Once the line containing "Die Hochhäuser der" is located in the records below, repeat it and all lines that follow it exactly, leaving out any picture.

** Opening Stored data block **

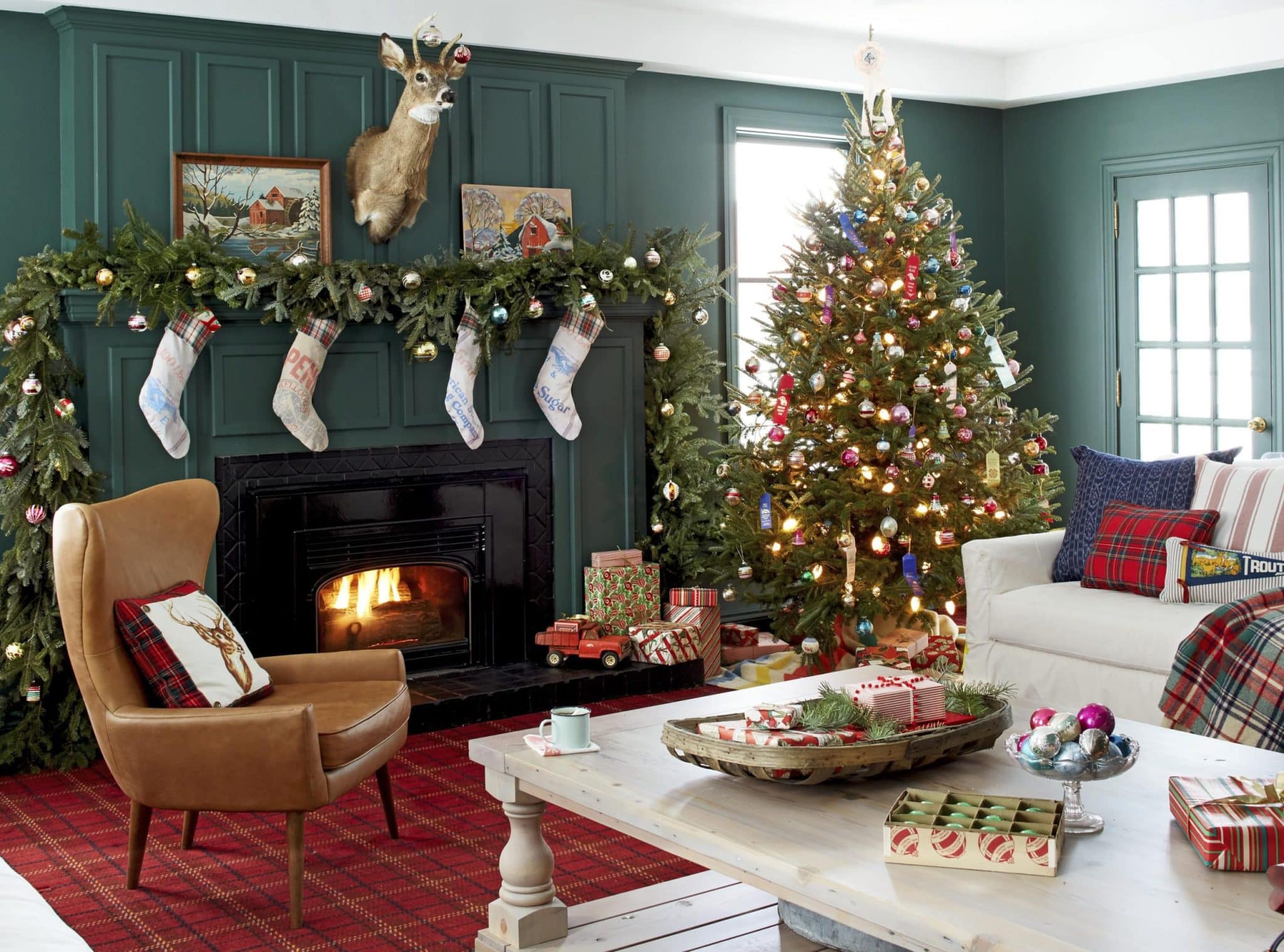 21 Way to Glam Up Your Christmas Decor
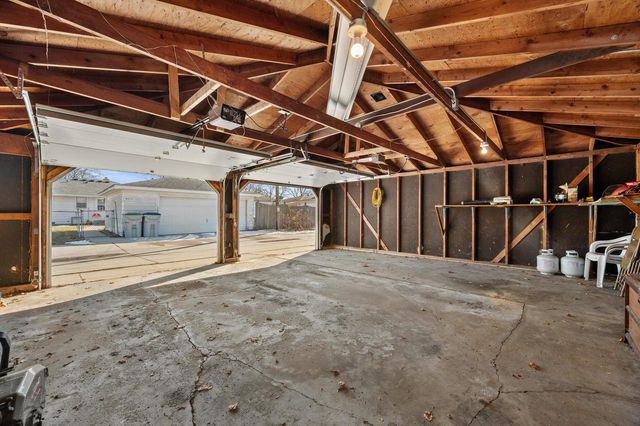 9043 W Grantosa DRIVE, Milwaukee, WI 53225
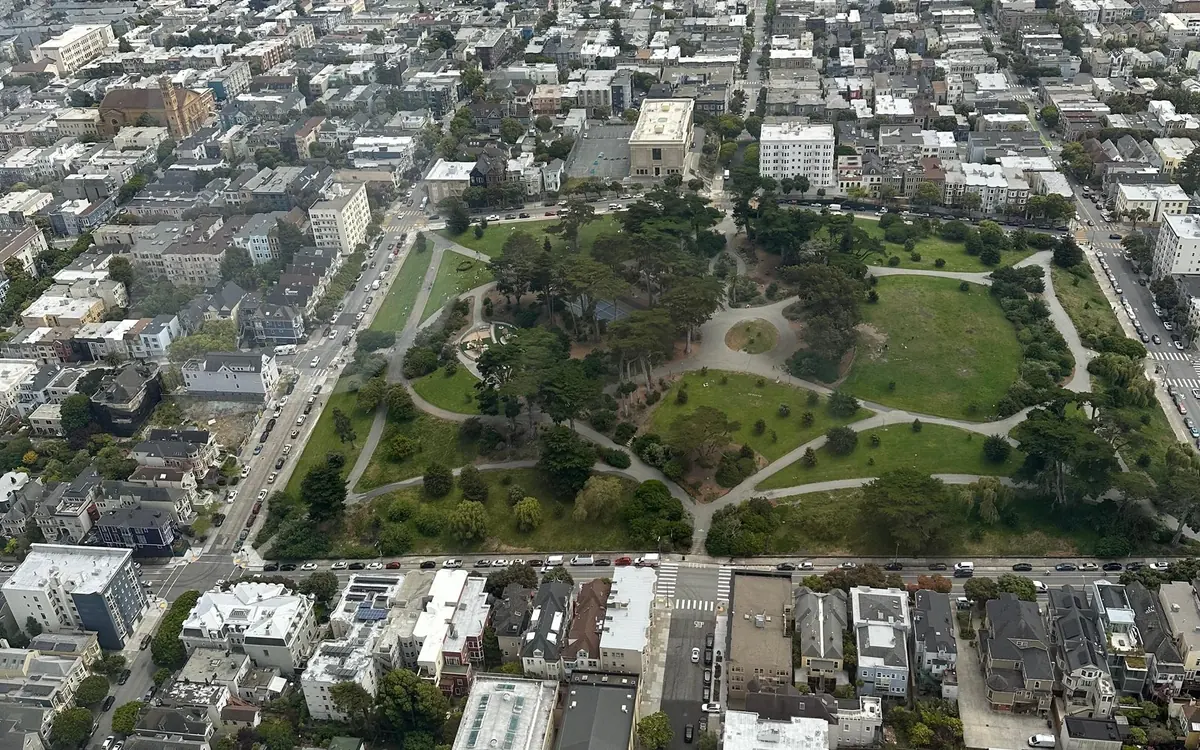 Die Hochhäuser der Innenstadt von San Francisco aus der Luft mit der Bucht dahinter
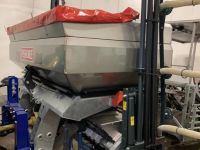 Distributeur d‘engrais Fissore Tot maximaal 21 meter 16 uitgangen pneumatische kunstmeststrooier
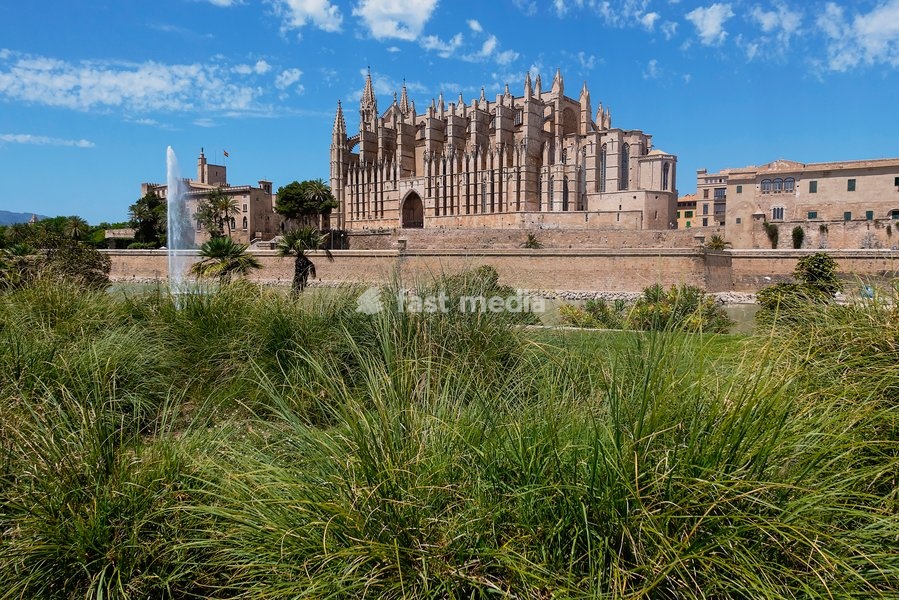Spain, Balearic Islands, Majorca, Palma de Mallorca, Old Town. La Seu Gothic Roman Catholic Cathedral of Santa Maria with fountain in the foreground
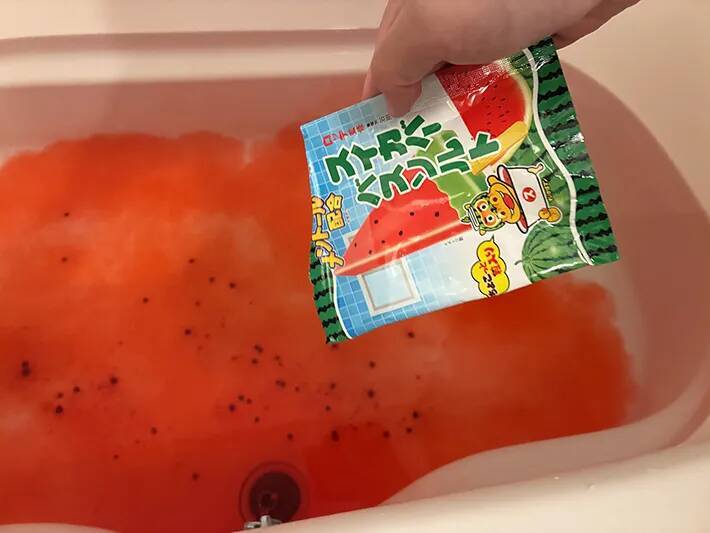 入浴剤でアイスを完全再現！　ローソン限定『スイカバー』で夏にひんやり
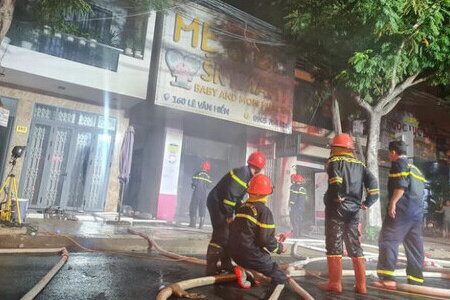 Đà Nẵng: Nhiều người tháo chạy khỏi siêu thị đang bốc cháy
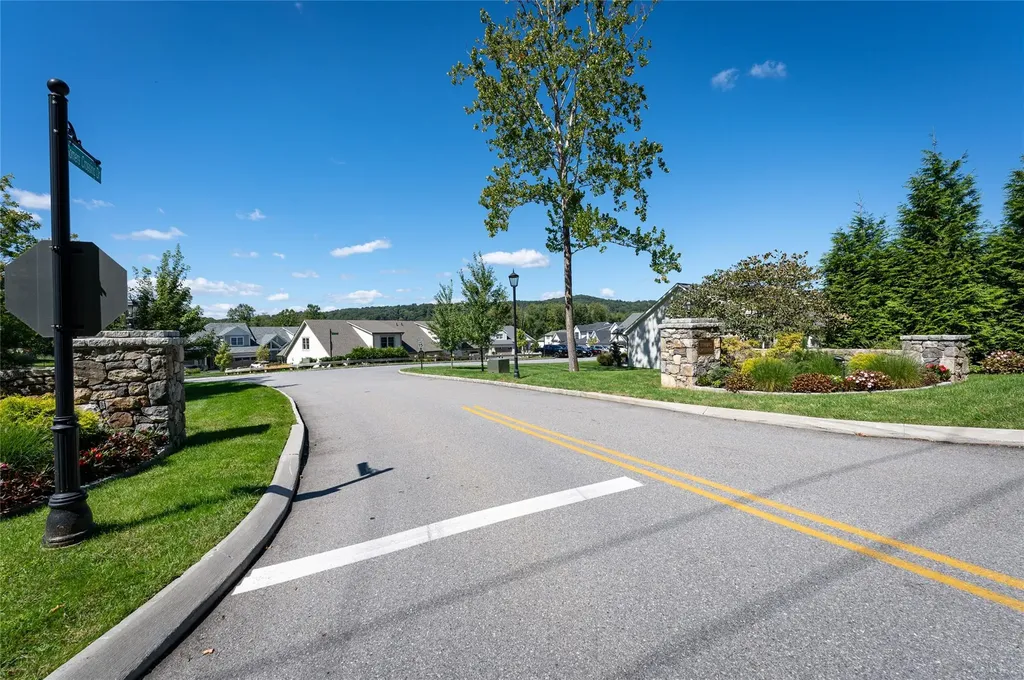 51 Spring Meadow Court Somers NY 10589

** Closing Stored data block **

**Response box**
 Die Hochhäuser der Innenstadt von San Francisco aus der Luft mit der Bucht dahinter
 Distributeur d‘engrais Fissore Tot maximaal 21 meter 16 uitgangen pneumatische kunstmeststrooier
Spain, Balearic Islands, Majorca, Palma de Mallorca, Old Town. La Seu Gothic Roman Catholic Cathedral of Santa Maria with fountain in the foreground
 入浴剤でアイスを完全再現！　ローソン限定『スイカバー』で夏にひんやり
 Đà Nẵng: Nhiều người tháo chạy khỏi siêu thị đang bốc cháy
 51 Spring Meadow Court Somers NY 10589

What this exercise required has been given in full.